Title: Molecular Energetics of Clustered Damage Sites

Authors and Institutions: Principal Investigator: Dr. Michel Dupuis (PNNL) Co-investigators: Professor John H. Miller (WSU Tri-Cities), Professor Robert D. Stewart (Purdue University), Dr. Maciej S. Gutowski (PNNL), Dr. Eric J. Ackerman (PNNL); Collaborators: Mr. Matt Hernst (WSU Tri-Cities), Dr. Vladimir A. Semenenko (Purdue University), Mr. Maciej Haranczyk (Gdansk University , Poland), Mr. Rafal A. Bachorz (Poznan University, Poland), and Ms. Iwona Dabkowska (Gdansk University, Poland).

Project:
The goal of this project is to provide critical information to help characterize clustered damage sites relative to singly damaged sites with respect to their susceptibility to DNA repair.

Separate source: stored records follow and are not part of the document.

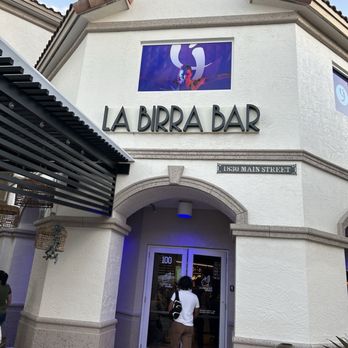 La Birra Bar - Burgers Near Me - Weston, Florida La Birra Bar - Burgers Near Me - Weston, Florida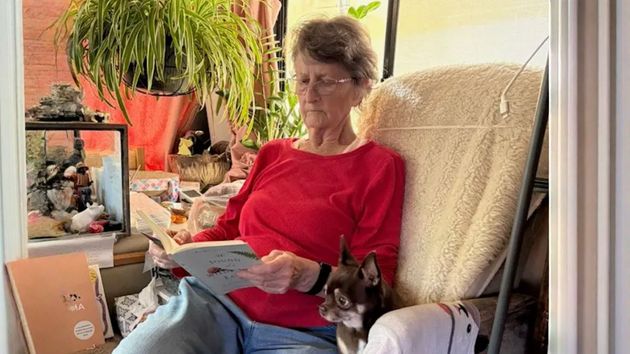 La jubilada junto a uno de sus perros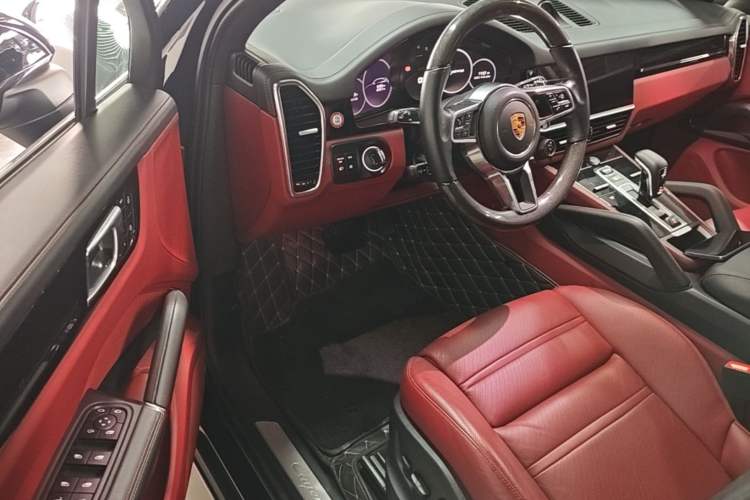 Used Porsche Cayenne 2022 Cayenne 3.0T Platinum Edition Driver Seat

The premise is that differences in base pairing rules and mutagenic properties of singly and multiply damaged DNA sites can be traced to local (<~10 base pairs) alterations in the energetic, structural, and dynamical properties of DNA. Aims are as follows: (1) to construct computational models of DNA lesions representative of those formed by endogenous processes and by low- and high linear energy transfer (LET) radiation; (2) to calculate the (free) energy of models of damaged and undamaged oligonucleotides using quantum chemical and molecular dynamics simulations; (3) to extract from the above computations sequence- and damage-specific (Boltzmann-based) probability distributions associated with key steps in the recognition and repair of singly and multiply damaged DNA sites as a link to higher-level Monte Carlo base and nucleotide excision repair models.

Report:
State-of-the-art computational chemistry models of quantum chemistry are used to characterize the structure, energetics, and spectroscopy of singly and multiply damaged (clustered) DNA sites. Abasic sites, strand breaks, and the oxidized purine 8-oxoG or 8-oxoA have been our focus to date. Using lesion-free trimers and pentamers as references, we predict the lesion “energies” (kcal/mol) to be: 0.2 for 8oA in AAC, -8.0 for apA in AAC, 25.3 for apT in AAC; 0.3 for 8oG in AGC, 15.6 for apG in AGC, 16.3 for apC in AGC; 2.3 for 8oG in AGT, 19.3 for apC in AGT; 1.9 for 8oG in ACA, 24.5 for apC in ACA. The results for 8-oxoG and 8-oxoA are consistent with Tmax measured by Plum et al., Biochemistry 34, 16148 (1995) and with other Nuclear Magnetic Resonance and x-ray data, that show very small structural reorganization induced by 8-oxoGC and 8-oxoAT. In contrast, Abasic sites cause substantial relaxation of the backbone, the details of which are dependent on sequence context. New inter-strand and intra-strand hydrogen bonds can be formed after removal of a nucleic acid base. Significant relocation of counterions may also be present. Current efforts using the same approach deal with multiply-damaged 8oG and apC in ACA, tymine glycol in CTA and ACTAG. The calculations are carried out on PNNL's Environmental Molecular Sciences Laboratory supercomputers.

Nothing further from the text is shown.